# PROBLEM TO WORK ON:
Exactly the lines below starting at the line with "Bolsonaro e sua" and ending at the line with "41 Covette Bay NE, Calgary, AB T3K 4S9" are wanted, with both ends included. Leave out the pictures and add no other lines.

# RECORDS TO PROCESS:
★ ★ ★ ★

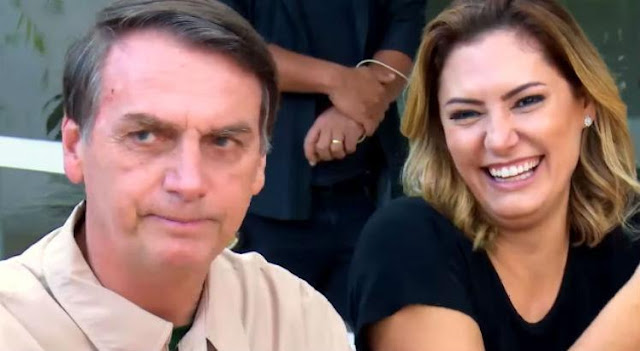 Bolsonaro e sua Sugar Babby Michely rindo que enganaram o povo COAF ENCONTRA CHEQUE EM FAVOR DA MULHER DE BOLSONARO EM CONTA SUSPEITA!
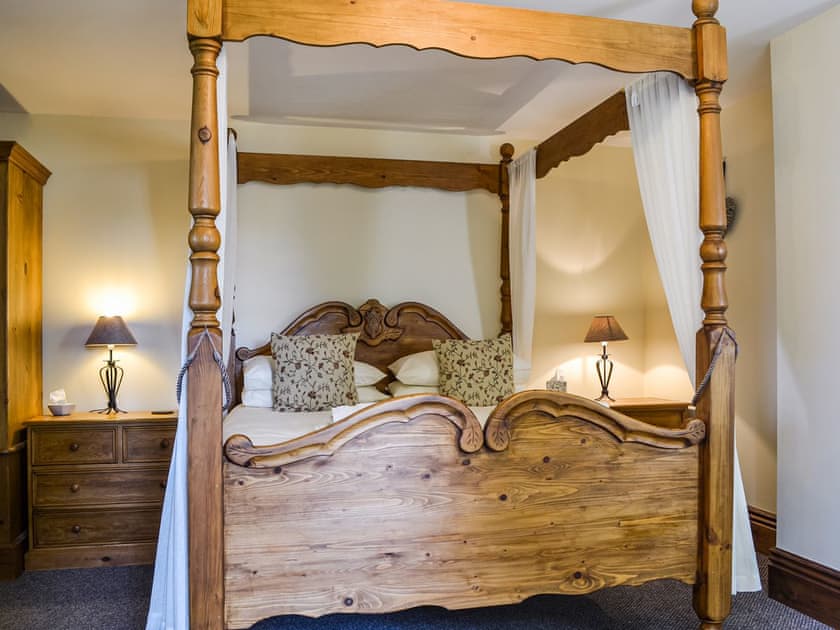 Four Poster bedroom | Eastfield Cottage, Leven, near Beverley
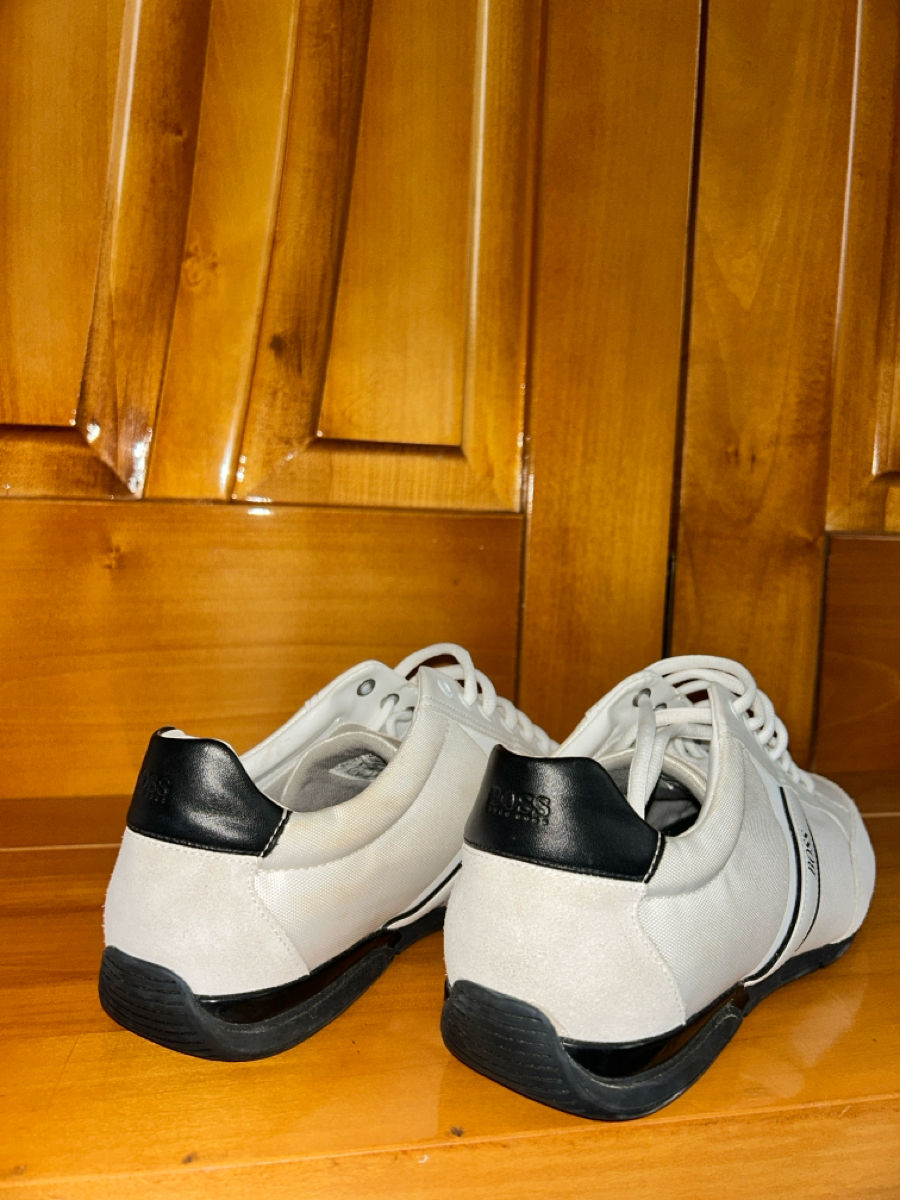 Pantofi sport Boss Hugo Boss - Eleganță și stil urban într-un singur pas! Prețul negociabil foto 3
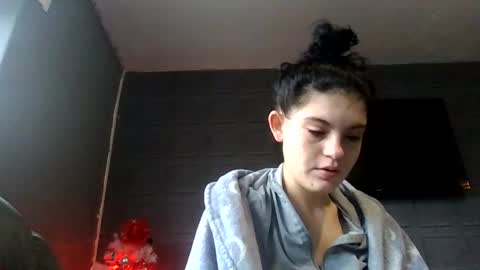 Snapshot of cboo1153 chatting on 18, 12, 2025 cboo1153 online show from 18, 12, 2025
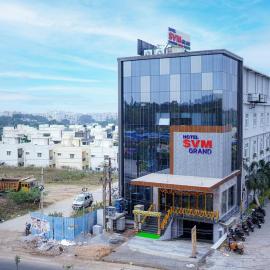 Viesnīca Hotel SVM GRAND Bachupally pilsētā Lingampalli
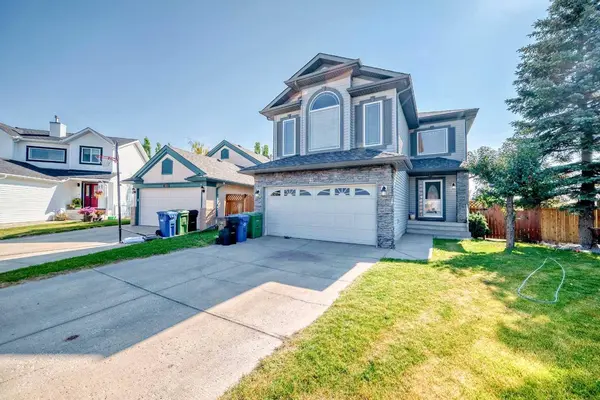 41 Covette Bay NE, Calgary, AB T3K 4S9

★ ★ ★ ★

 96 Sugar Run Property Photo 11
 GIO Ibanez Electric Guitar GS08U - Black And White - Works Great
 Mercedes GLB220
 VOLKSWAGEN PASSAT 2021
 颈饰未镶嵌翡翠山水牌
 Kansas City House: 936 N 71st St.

★ ★ ★ ★

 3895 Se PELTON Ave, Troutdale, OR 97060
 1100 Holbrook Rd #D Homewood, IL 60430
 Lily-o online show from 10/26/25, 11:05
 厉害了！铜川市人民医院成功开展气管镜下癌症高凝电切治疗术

★ ★ ★ ★

# WRITTEN RESPONSE:
 Bolsonaro e sua Sugar Babby Michely rindo que enganaram o povo COAF ENCONTRA CHEQUE EM FAVOR DA MULHER DE BOLSONARO EM CONTA SUSPEITA!
 Four Poster bedroom | Eastfield Cottage, Leven, near Beverley
 Pantofi sport Boss Hugo Boss - Eleganță și stil urban într-un singur pas! Prețul negociabil foto 3
 Snapshot of cboo1153 chatting on 18, 12, 2025 cboo1153 online show from 18, 12, 2025
 Viesnīca Hotel SVM GRAND Bachupally pilsētā Lingampalli
 41 Covette Bay NE, Calgary, AB T3K 4S9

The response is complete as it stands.